In 2013, a fellow turf cutter in County Offaly found a massive container holding 100 pounds (45 kilograms) of bog butter believed to be 5,000 years old. The Cavan County Museum says in medieval times, butter was a luxury product that was used to pay taxes and rents.
What is a bog Irish?
bog Irish pl (plural only) (derogatory) People of low-class Irish ancestry.
How bog butter is preserved?
Looking at over 274 instances of bog butter from the Iron Age to medieval times, Earwood concluded that early Celtic people probably sunk the butter in the bog simply to preserve it or protect from thieves. The cool, low-oxygen, high acid environment of the bog made a perfect natural refrigerator.

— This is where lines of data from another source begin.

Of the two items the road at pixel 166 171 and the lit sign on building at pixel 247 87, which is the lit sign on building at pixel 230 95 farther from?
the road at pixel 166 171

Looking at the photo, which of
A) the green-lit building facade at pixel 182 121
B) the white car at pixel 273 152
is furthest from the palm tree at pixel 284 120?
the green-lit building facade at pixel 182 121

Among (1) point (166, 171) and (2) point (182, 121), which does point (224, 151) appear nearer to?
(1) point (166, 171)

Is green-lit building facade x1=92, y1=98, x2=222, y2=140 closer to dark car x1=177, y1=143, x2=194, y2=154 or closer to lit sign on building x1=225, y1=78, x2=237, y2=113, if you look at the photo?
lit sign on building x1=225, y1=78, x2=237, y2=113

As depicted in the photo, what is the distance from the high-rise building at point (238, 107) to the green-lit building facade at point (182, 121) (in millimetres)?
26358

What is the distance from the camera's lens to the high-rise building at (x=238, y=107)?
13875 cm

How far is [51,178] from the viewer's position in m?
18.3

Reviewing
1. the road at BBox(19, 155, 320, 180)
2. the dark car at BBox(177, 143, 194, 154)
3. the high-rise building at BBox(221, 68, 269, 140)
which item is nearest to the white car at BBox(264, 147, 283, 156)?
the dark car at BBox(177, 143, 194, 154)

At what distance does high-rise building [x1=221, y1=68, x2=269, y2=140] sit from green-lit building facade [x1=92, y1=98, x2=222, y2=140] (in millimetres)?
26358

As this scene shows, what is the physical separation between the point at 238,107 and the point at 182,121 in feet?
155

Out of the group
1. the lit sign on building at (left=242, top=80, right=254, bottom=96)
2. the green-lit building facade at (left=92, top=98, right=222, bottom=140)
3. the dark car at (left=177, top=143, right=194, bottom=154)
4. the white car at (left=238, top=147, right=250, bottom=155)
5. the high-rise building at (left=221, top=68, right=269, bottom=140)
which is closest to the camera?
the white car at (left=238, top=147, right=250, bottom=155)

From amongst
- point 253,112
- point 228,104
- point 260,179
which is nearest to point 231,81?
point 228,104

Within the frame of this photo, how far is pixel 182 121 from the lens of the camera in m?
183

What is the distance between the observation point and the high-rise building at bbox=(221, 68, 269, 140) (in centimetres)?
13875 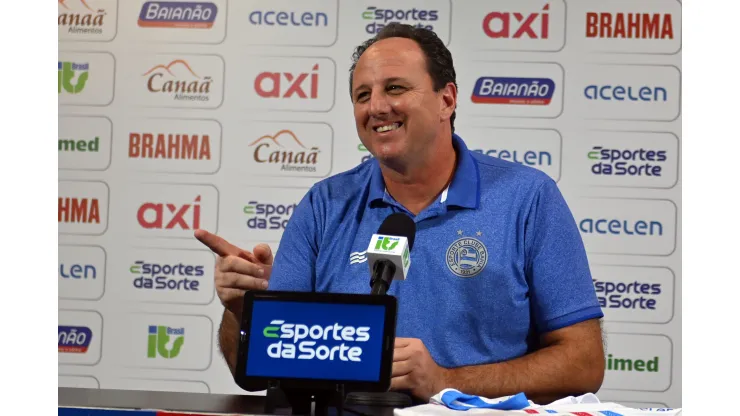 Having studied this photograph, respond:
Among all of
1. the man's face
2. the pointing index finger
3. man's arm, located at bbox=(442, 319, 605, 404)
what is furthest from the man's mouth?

What is the oldest butter in the world?
What makes Irish bogs special?
Ireland’s Bog Bodies. Bogs are an integral part of Ireland’s natural landscape. These waterlogged, nutrient rich patches of land are used as a source of fuel, as an entire ecosystem for wildlife and plantlife, and even as a tourist attraction for certain off-the-wall activities like bog swimming!
How much bog is left in Ireland?
approximately 50,000 hectares
Today, there are only approximately 50,000 hectares of “intact” high bog remaining, with losses due mainly to exploitation and reclamation. Much of the surviving raised bog is considered to be of poor ecological quality and less than half of this is of high nature conservation value.
Why is Ireland full of bogs?
Layers and layers of decomposed plants build up and, combined with acidic water, resulted in bogland. Raised bogs however formed as a result of the Ice Age, which ended in Ireland around 7000 BC. As glaciers made their way over the land they left uneven terrain which water collected in, forming thousands of tiny lakes.